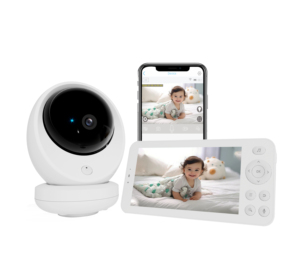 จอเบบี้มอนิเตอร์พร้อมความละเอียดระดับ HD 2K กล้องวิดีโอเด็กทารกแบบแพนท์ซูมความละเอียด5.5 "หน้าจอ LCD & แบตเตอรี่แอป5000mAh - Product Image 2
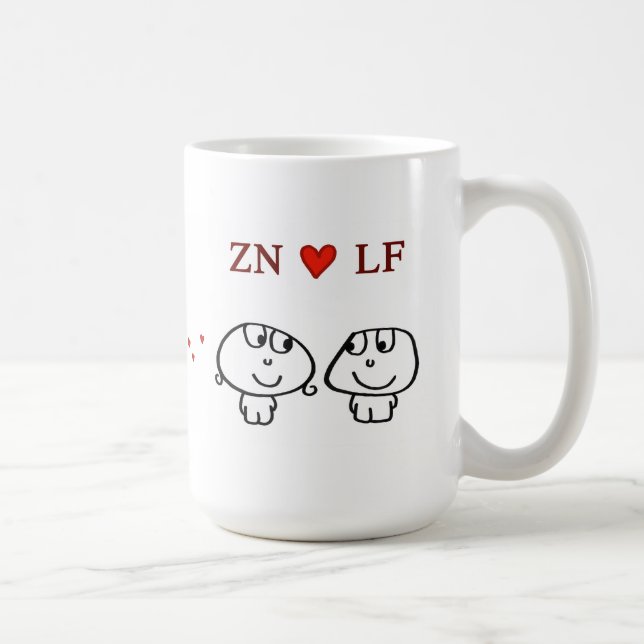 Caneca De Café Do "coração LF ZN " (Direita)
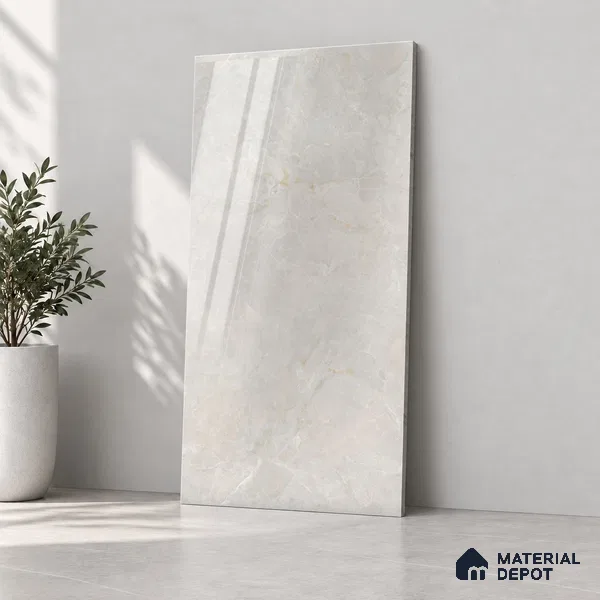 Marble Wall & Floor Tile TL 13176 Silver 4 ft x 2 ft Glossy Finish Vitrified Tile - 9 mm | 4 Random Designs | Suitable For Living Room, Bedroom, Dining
--
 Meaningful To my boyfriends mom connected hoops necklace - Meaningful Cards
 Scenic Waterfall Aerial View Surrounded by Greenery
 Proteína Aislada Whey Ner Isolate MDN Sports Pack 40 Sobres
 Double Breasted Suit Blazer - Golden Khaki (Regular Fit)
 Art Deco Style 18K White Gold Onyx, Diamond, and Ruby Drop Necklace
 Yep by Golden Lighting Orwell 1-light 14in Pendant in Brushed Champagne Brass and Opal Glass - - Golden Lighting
* * *
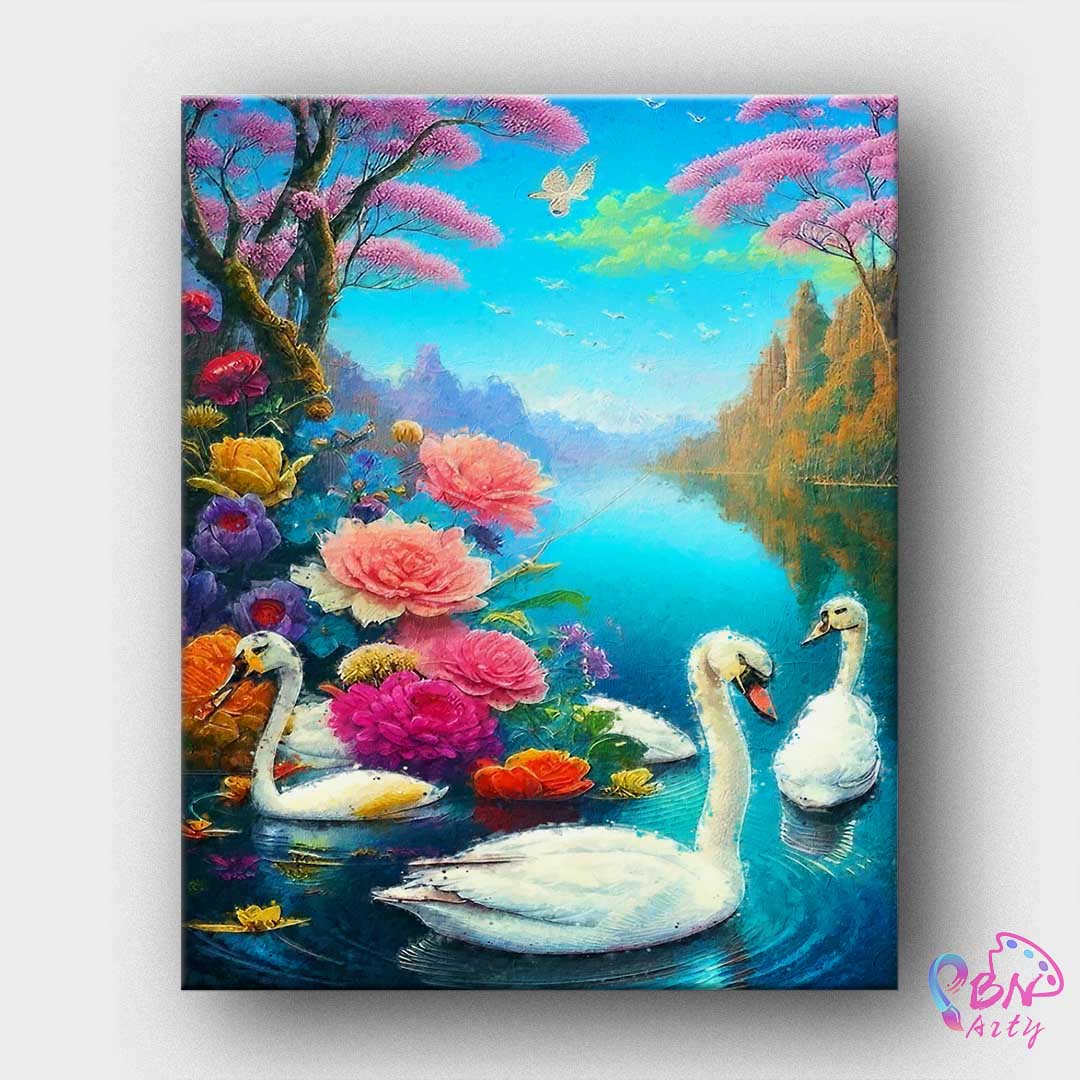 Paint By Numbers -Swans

• **ACTIVITY**
Reproduce the listing above only between the lines holding "จอเบบี้มอนิเตอร์พร้อมความละเอียดระดับ HD 2K" and "Marble Wall &", inclusive. Every line must match exactly, and pictures are dropped.

• **RESPONSE FOR THIS EXERCISE**
 จอเบบี้มอนิเตอร์พร้อมความละเอียดระดับ HD 2K กล้องวิดีโอเด็กทารกแบบแพนท์ซูมความละเอียด5.5 "หน้าจอ LCD & แบตเตอรี่แอป5000mAh - Product Image 2
 Caneca De Café Do "coração LF ZN " (Direita)
 Marble Wall & Floor Tile TL 13176 Silver 4 ft x 2 ft Glossy Finish Vitrified Tile - 9 mm | 4 Random Designs | Suitable For Living Room, Bedroom, Dining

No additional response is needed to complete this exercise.